**Data section**

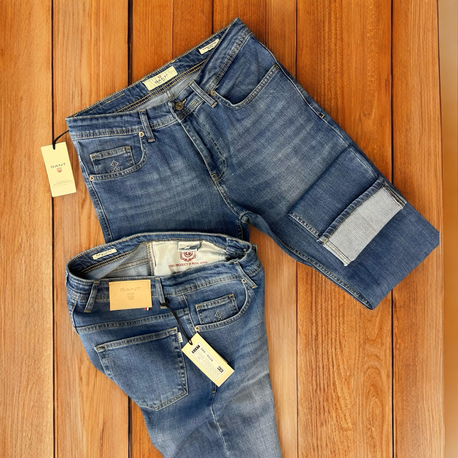Yeni Sezon GANT Premium Jean Pantolon 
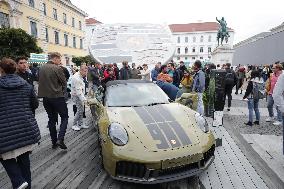 2025 IAA Mobility Open Space - Munich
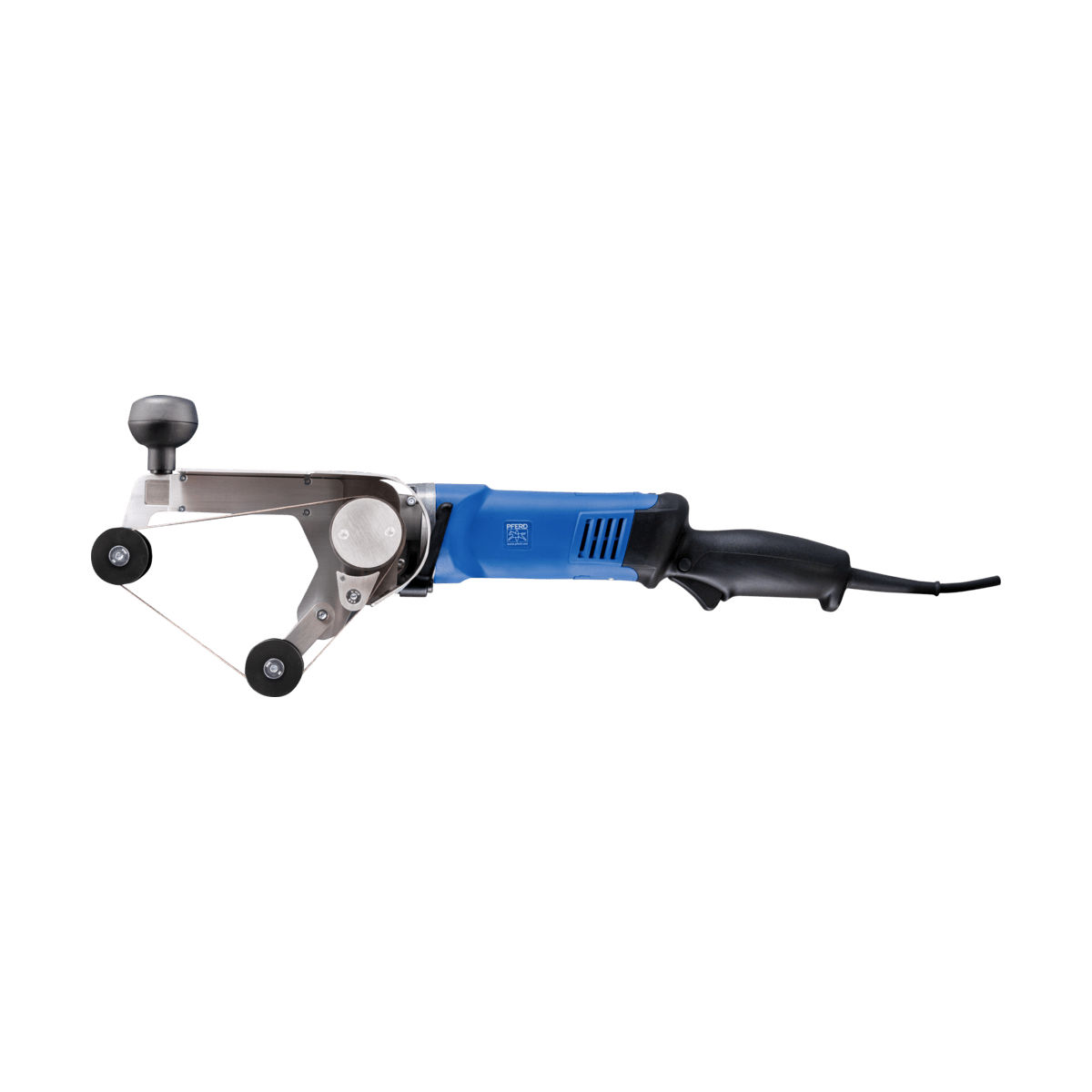 PFERD TOOLS Elektrorohrbandschleifer EBER 17/75 R 230 Volt/22,8 m/s Bandlänge: 610-820 mm x Breite: 12-40 mm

**Exercise**
Your copy of the data above should match it exactly, apart from the images.

**Output of the task**
Yeni Sezon GANT Premium Jean Pantolon 
 2025 IAA Mobility Open Space - Munich
 PFERD TOOLS Elektrorohrbandschleifer EBER 17/75 R 230 Volt/22,8 m/s Bandlänge: 610-820 mm x Breite: 12-40 mm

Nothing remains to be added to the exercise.